What are the essential characterstics of contract of sale of goods?
Answers
Essential characteristics of a contract of sale of goods are given below:
1. Two parties:
The first essential is that there must be two distinct parties to a contract of sale, viz., a buyer and a seller, as a person cannot buy his own goods. However, there may be a contract of sale between one part-owner and another, e.g., if A and B jointly own a computer, A may sell his ownership in the computer to B, thereby making B sole owner of the goods [Sec. 4(1)]. Similarly, a partner may buy the goods from the firm in which he is a partner and vice-versa.
2. Transfer of property:
‘Property’ here means ‘ownership’. Transfer of property in the goods is another essential of a contract of sale of goods. A mere transfer of possession of the goods cannot be termed as sale.

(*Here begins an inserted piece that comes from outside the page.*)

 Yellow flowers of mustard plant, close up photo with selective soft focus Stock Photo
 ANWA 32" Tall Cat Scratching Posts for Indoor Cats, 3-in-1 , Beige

To constitute a contract of sale the seller must either transfer or agree to transfer the property in the goods to the buyer.
3. Goods:
The subject-matter of the contract of sale must be ‘goods’. According to Section 2(7), “goods means every kind of movable property other than actionable claims and money; and includes stock and shares, growing crops, grass, and things attached to or forming part of the land which are agreed to be severed before sale or under the contract of sale.”
Thus every kind of movable property except actionable claim and money is regarded as ‘goods’. Goodwill, trademarks, copyrights, patents right, water, gas, electricity, decree of a court of law, are all regarded as goods. Shares and stock are also included in goods.
‘Actionable claims’ means claims which can be enforced by a legal action or a suit, e.g., a book debt (i.e., a debt evidenced by an entry by the creditor in his Account Book or Bahi). A book debt is not goods because it can only be assigned as per the Transfer of Property Act but cannot be sold.
‘Money’ means current money:
It is not regarded goods because it is the medium of exchange through which goods can be bought. Old and rare coins, however, may be treated as goods and sold as such.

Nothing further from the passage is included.